Las excavaciones arqueológicas permiten asegurar que el solar del castillo ya se ocupó desde el final de a Edad de Bronce, y el poblado que debió de existir a los pies de su lado sur, desde la Edad de Hierro. Ello fue debido, sin duda, a la riqueza minera de la zona, compatible con la explotación agrícola del cercano valle del Jiloca y con el pastoreo.
El castillo se ocupó de nuevo en época islámica (siglos X y XI). A partir de estas fechas la documentación histórica que se posee es muy escasa. En el fuero de Daroca (1142), otorgado por Ramón Berenguer IV, se dispone que «el castillo ganado al enemigo por vecinos de Daroca queda en poder suyo y de su descendencia, mirando siempre por la utilidad del reino y guardando fidelidad al Rey». En 1221 se cita el castillo como límite en el Cartulario de Aliaga.

En 1301 se sabe que el castillo es propiedad de Juan Ximénez de Urrea. A su muerte, en 1312 es vendido (transacción que se remata en 1379, según otras fuentes) junto con la cercana Almohaja a la Comunidad de Daroca.
Es en esta época de la Edad Media cuando su importancia estratégica se acrecienta por su posición limítrofe entre los reinos de Castilla y Aragón y de los señoríos de Albarracín, Molina y Comunidad de Daroca (precisamente el cerro próximo de San Ginés fue el límite común hasta 1833).
Con toda probabilidad, las grandes obras de reforma y ampliación del castillo (que seguramente conllevarían la total construcción del recinto exterior) se realizan a mediados del siglo XIV, con Alfonso IV y Pedro IV. Por ello, el espesor de los muros de este recinto (hasta 3,5 metros) y su configuración responden a la intención no solo de soportar asedios con artillería, sino también de proteger el resto de los lienzos interiores de los disparos desde los altozanos próximos.
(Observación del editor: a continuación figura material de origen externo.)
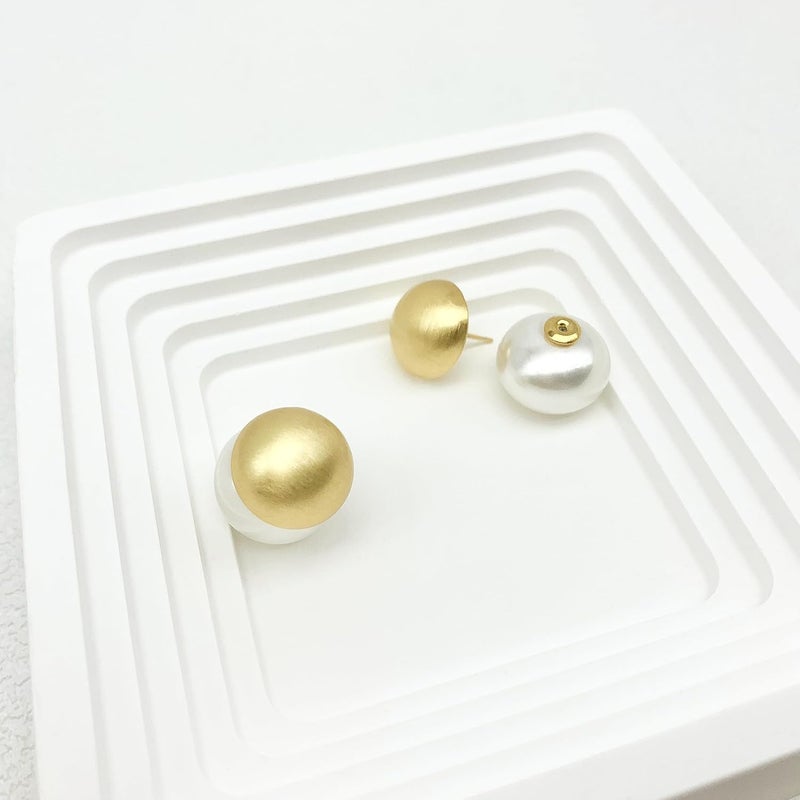 Surrounded Forest Store Double Ball Jacket Earrings for Women Front Back 2 in 1 Stud Earrings Pearl Ball Earrings - Image 4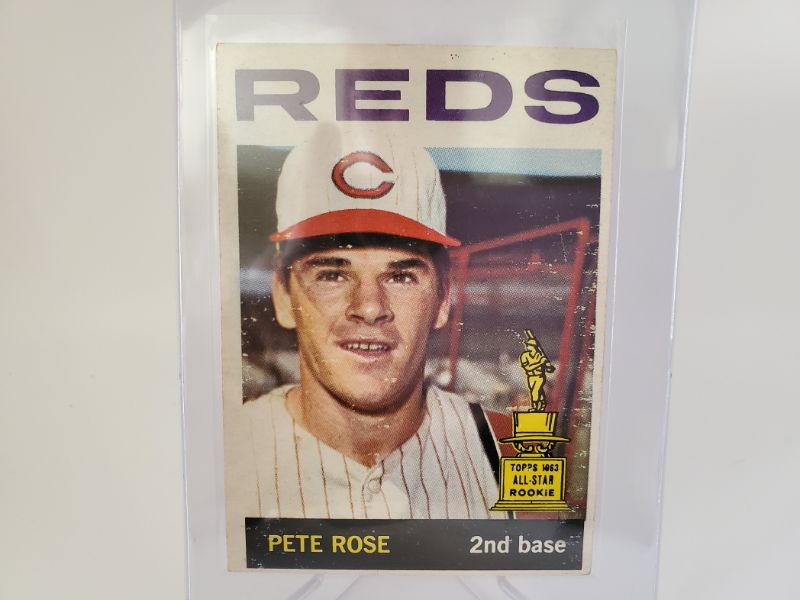 Photo 1 of 1964 TOPPS PETE ROSE ALL STAR ROOKIE CARD!!
THIS IS THE HITS KING AND THIS CARD IN GOOD CONDITION SELLS FOR 500+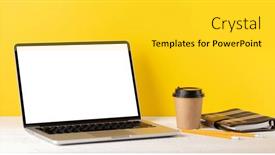  Presentation with laptop blank screen - Presentation theme featuring laptop-with-blank-screen background and a  colored foreground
De esta época se conocen los nombres de los alcaides Gonzalo Fernández de León (1370) y Pedro Martínez (1373).
La considerable longitud de su cinta muraria exterior indica que su guarnición en tiempo de guerra debió de ser numerosa, y que en su interior se alojaban también tropas de caballería, cuyos animales se alojarían en el recinto exterior o al bacara.
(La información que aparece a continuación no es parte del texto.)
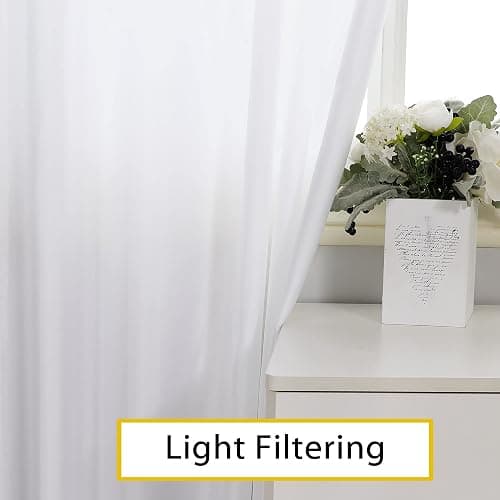 Chyhomenyc Uptown White Faux Silk Curtains 96 Inch Length 2 Panels for Bedroom, Shiny Luxury Light Filtering Slub Textured Soft Fabric Rod Pocket Window Drapes, Each 40x96 Inches, 8 FT thumbnail 8
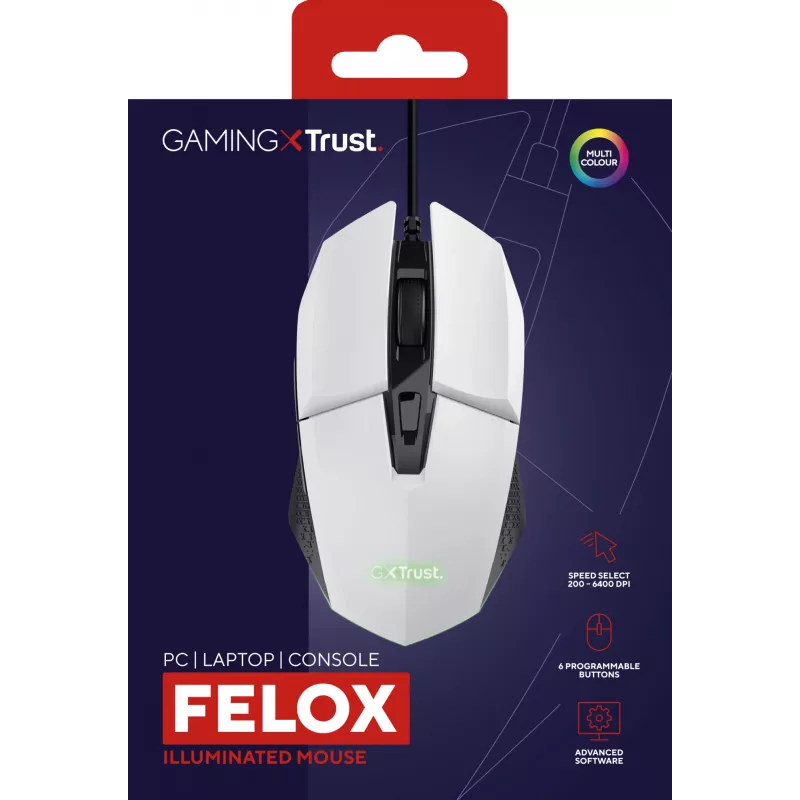 Trust GXT 109W Felox -hiiri, peli, oikeakätisille, USB Type-A, optinen, 6400 DPI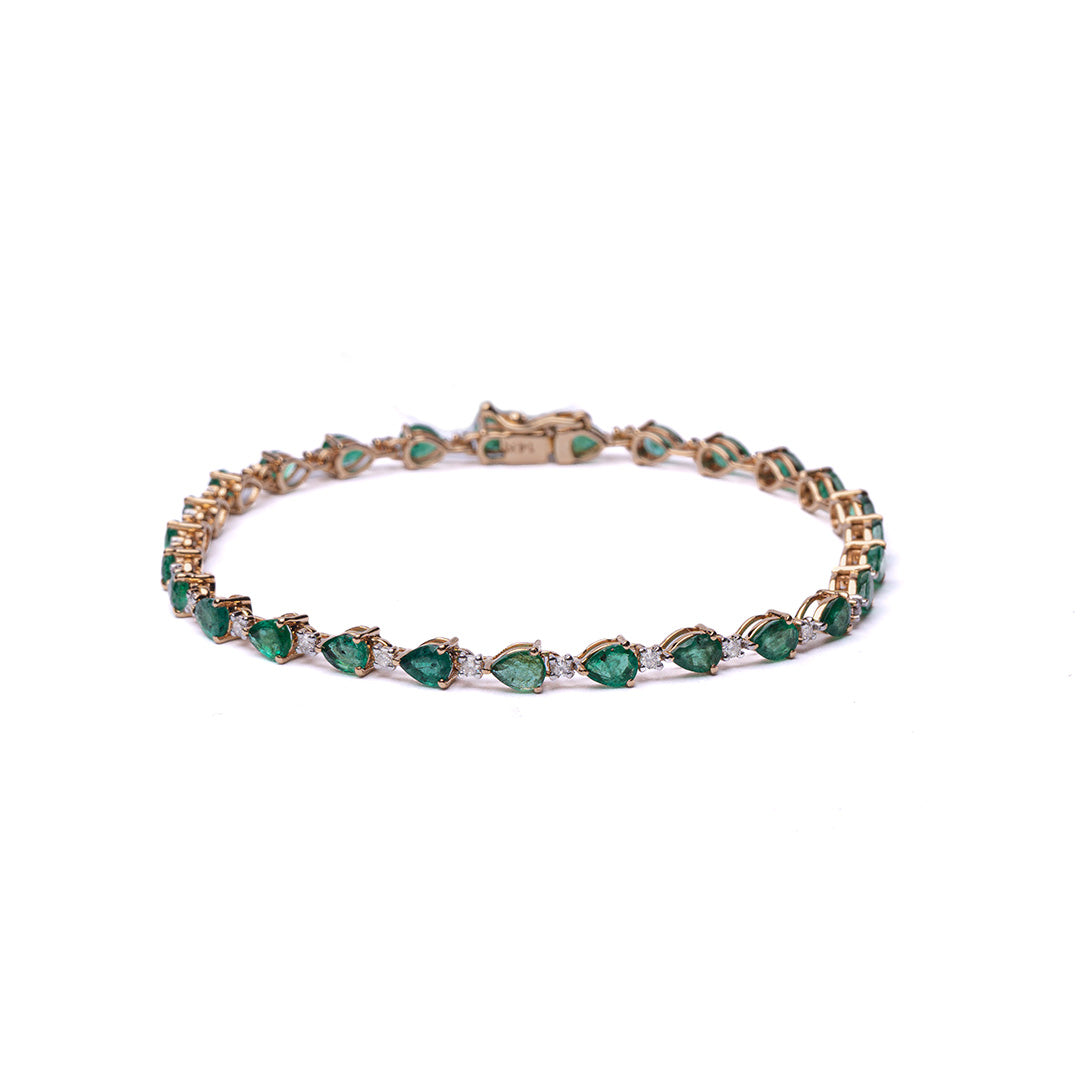 EMERALD DIAMOND BRACELET 14KWG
Una curiosa descripción del armamento y de su lugar de almacenamiento la encontramos en un inventario de 1476 redactado por el notario Juan de Renda con motivo del nombramiento como alcaide de Jaime Perea: «… se pasó a la covacha, tercera puerta entrando a la izquierda, y pasó inventario de las armas y tormentos que había: siete docenas de viratons con plomo, dos docenas de ballestas, dos talegas buenas y un trabuco y una piedra de molino…».
Junto al cuerpo de guardia, situado a la derecha de la segunda puerta, se conservan restos de las reglas de juegos a base de perforaciones en la roca, que unidos a los dados hallados en las excavaciones ilustran parte de los pasatiempos de los defensores.
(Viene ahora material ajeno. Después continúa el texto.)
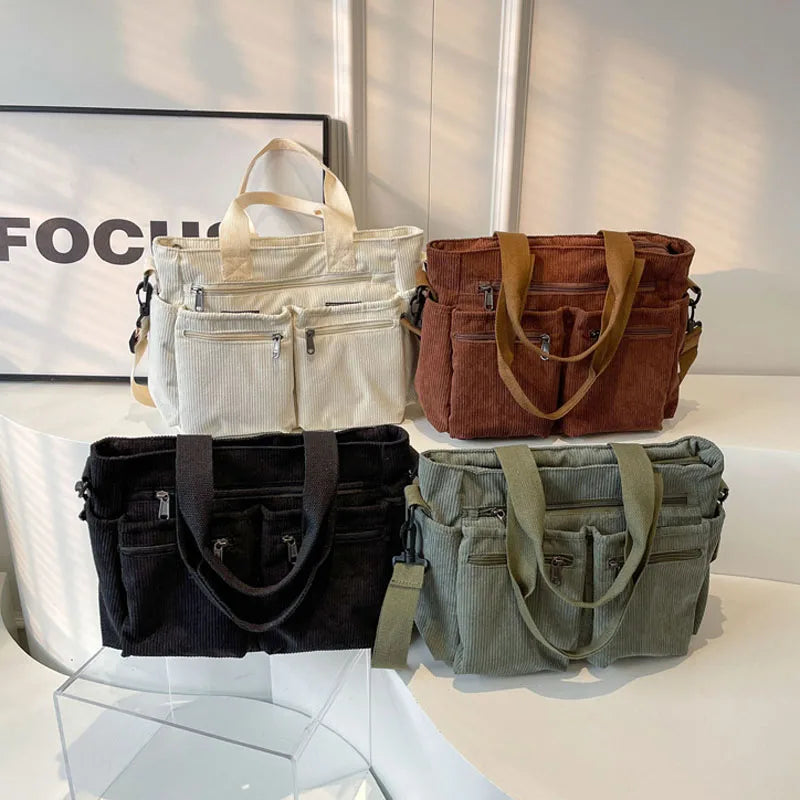 PEAK - Trendy shoulder bag in corduroy-Elly Rose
Con la unificación de los reinos de Castilla y Aragón y la unidad nacional, el castillo va perdiendo su función defensiva y estratégica, y se produce el consiguiente abandono provocado por el desuso.
Su última utilización con fines castrenses se produce en las guerras carlistas. En la primera de ellas, el cabecilla Forcadell tuvo su cuartel general en el vecino Monreal. Más tarde, el lugarteniente de Marco, Florentino Polo Peyrolón, se acerca a las proximidades de Pera- cense, y deja restos de ocupaciones y de trabajos de fortificación en el recinto alto de esta imponente fortaleza.
A partir de este momento se utiliza como cantera y almacén de materiales para construcciones de las proximidades.